**Assignment**. The answer is to be an exact copy of the lines below running from the line with "The Airbus A318" down to the line with "A two-car garage", both ends included, and nothing more.

(Stored items from a collection)
=== Begin Enclosure ===

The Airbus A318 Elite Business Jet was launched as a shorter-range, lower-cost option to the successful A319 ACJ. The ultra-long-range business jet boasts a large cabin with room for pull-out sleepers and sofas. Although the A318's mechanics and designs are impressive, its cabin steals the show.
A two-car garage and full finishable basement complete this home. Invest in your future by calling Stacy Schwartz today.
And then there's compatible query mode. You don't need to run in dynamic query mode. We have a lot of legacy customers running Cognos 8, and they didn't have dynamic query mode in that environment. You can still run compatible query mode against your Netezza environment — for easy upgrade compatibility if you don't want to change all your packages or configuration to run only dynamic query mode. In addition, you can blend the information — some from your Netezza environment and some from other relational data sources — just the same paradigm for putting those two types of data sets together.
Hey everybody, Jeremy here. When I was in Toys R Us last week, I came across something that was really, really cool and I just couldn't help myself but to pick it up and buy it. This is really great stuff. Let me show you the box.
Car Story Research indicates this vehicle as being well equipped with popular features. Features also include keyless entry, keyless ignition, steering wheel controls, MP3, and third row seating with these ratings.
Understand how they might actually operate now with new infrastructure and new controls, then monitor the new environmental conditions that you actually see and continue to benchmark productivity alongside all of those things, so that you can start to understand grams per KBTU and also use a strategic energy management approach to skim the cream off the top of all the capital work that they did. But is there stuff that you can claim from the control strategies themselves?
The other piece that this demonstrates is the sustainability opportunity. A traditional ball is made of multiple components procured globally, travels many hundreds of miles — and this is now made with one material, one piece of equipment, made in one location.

=== End Enclosure ===
=== Begin Enclosure ===

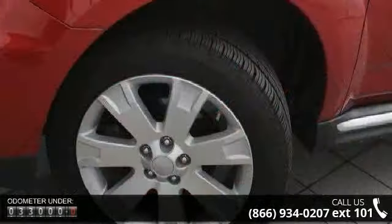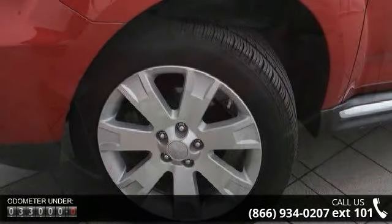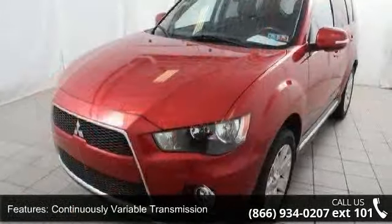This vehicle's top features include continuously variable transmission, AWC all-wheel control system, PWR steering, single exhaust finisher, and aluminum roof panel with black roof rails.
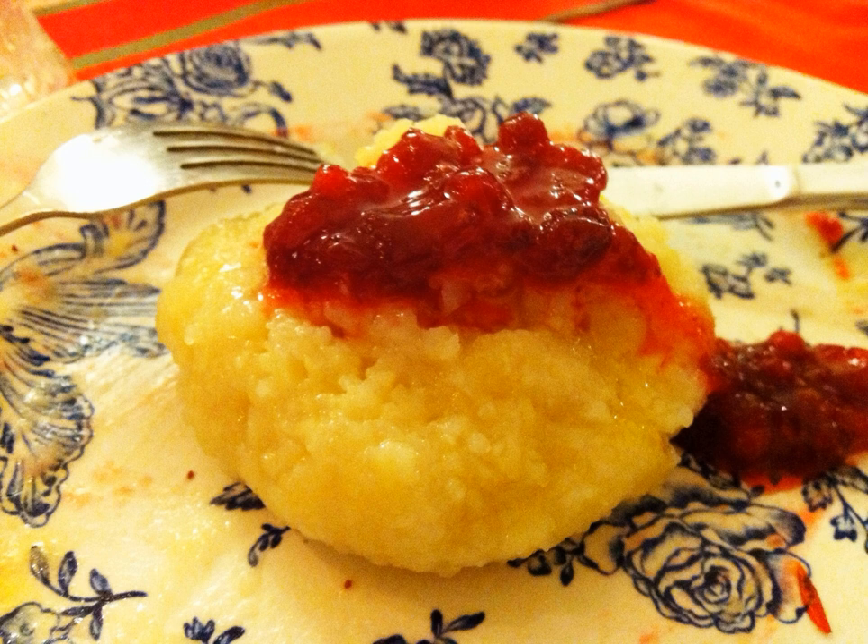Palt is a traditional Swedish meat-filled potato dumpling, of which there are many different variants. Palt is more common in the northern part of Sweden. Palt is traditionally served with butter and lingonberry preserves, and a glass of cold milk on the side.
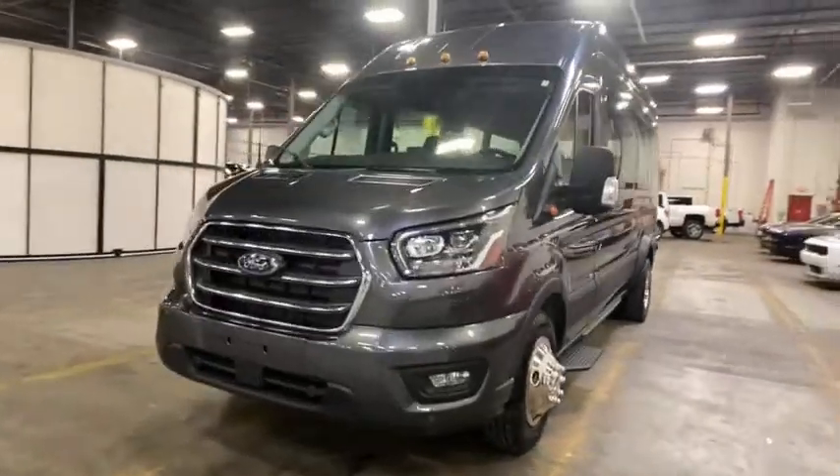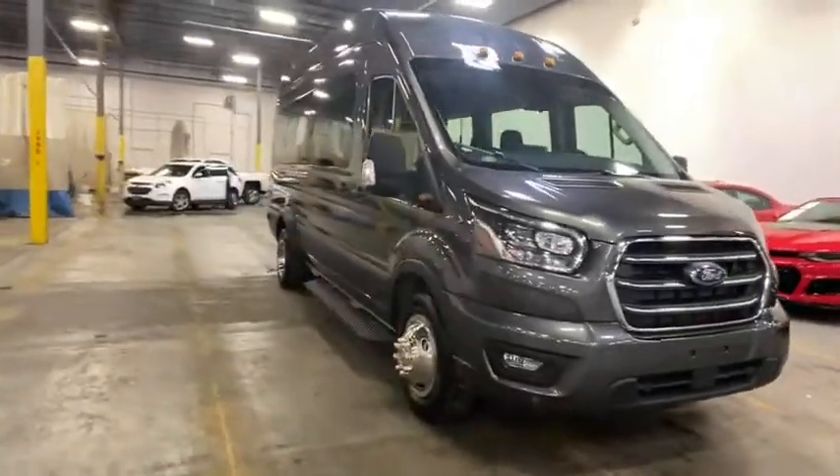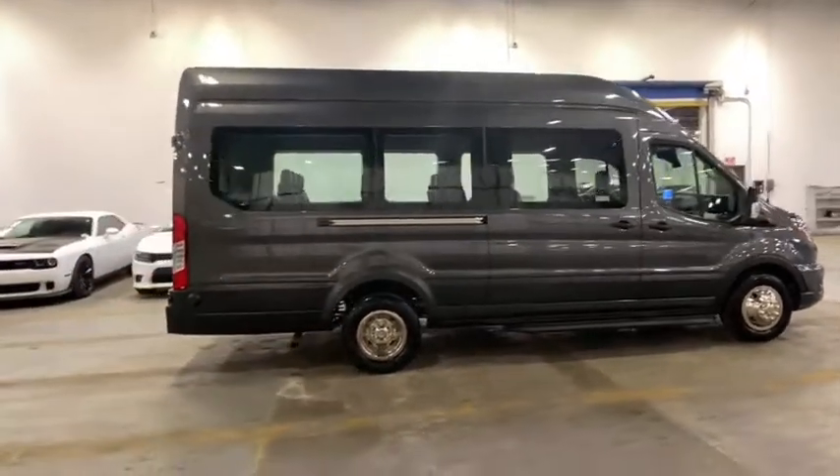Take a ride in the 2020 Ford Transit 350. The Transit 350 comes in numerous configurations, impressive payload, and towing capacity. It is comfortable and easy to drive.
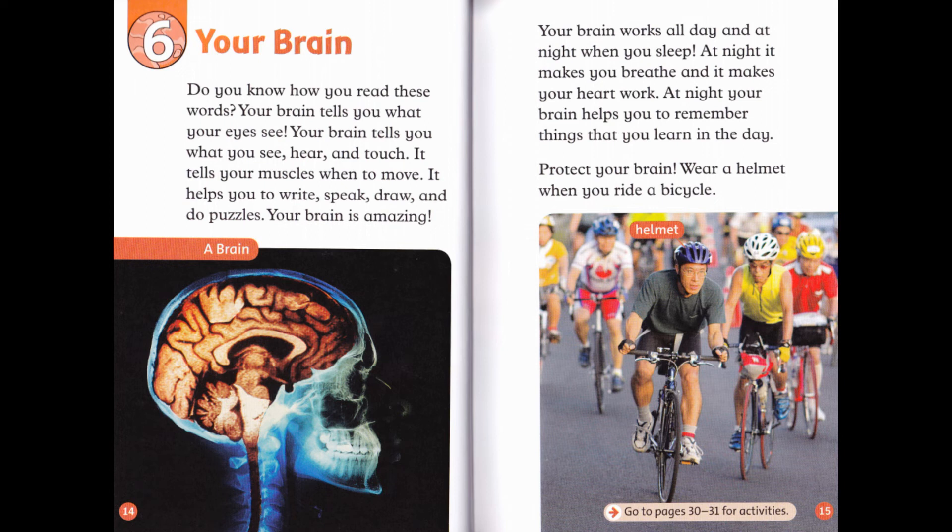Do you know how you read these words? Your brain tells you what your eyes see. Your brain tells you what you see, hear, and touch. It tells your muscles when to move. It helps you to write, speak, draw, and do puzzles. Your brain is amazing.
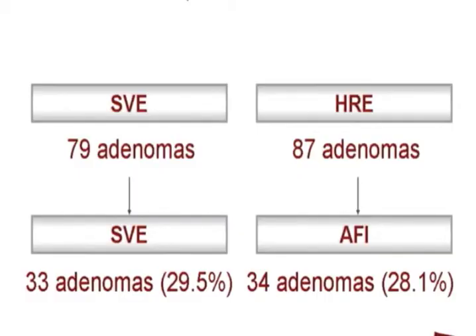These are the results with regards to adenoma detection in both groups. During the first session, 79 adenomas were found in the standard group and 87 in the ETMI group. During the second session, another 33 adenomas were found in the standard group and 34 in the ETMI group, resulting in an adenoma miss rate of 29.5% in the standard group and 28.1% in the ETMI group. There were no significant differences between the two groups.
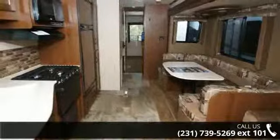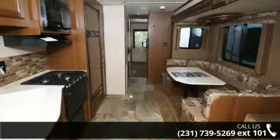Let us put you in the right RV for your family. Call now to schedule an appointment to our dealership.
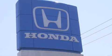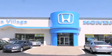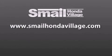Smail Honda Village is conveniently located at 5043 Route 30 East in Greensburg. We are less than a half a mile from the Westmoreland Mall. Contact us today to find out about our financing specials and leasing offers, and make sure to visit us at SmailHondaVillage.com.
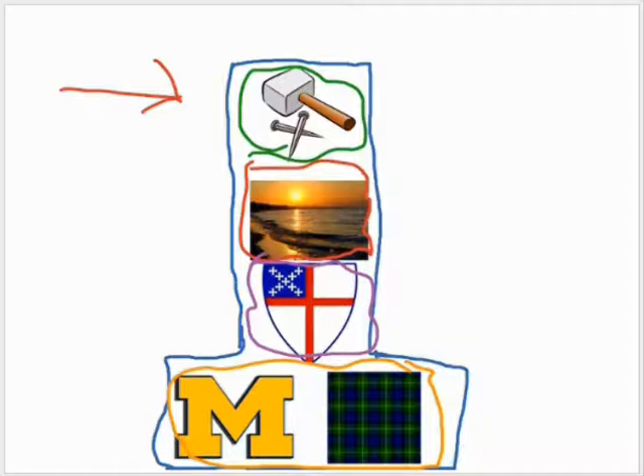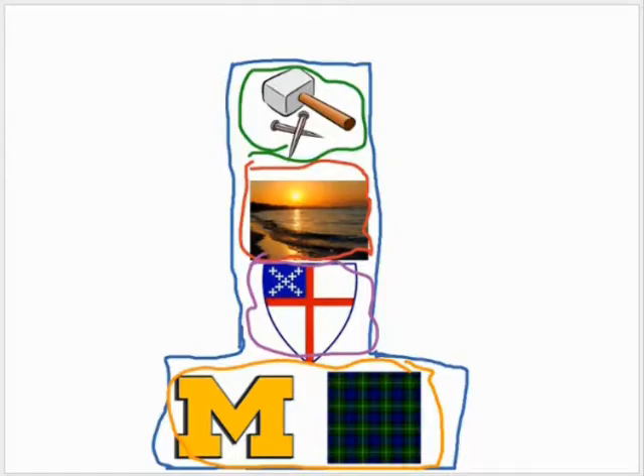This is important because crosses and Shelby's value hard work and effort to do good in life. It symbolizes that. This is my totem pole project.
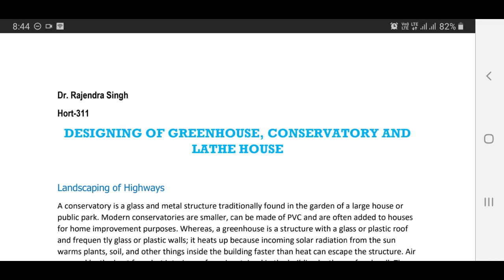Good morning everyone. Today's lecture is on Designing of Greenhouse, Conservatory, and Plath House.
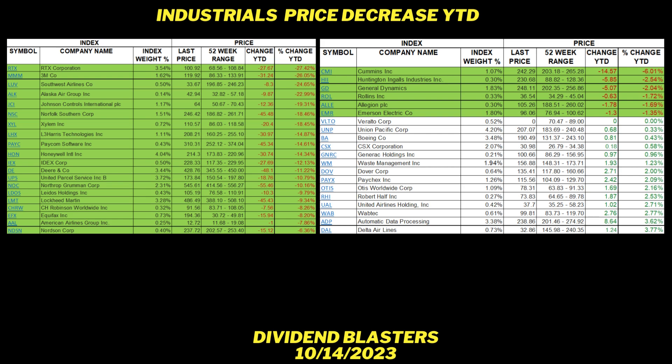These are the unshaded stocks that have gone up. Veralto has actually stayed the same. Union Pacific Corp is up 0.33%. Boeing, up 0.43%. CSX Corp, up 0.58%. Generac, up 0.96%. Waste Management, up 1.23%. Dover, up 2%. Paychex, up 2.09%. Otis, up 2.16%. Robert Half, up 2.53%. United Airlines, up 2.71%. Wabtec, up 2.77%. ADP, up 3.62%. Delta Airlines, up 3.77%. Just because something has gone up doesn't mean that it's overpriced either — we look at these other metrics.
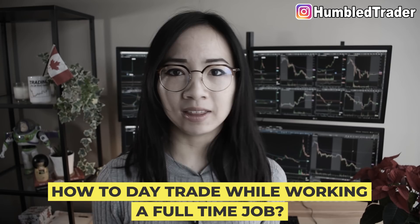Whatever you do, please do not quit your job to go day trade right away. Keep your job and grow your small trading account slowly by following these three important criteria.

=== End Enclosure ===

**Response box**.
The Airbus A318 Elite Business Jet was launched as a shorter-range, lower-cost option to the successful A319 ACJ. The ultra-long-range business jet boasts a large cabin with room for pull-out sleepers and sofas. Although the A318's mechanics and designs are impressive, its cabin steals the show.
A two-car garage and full finishable basement complete this home. Invest in your future by calling Stacy Schwartz today.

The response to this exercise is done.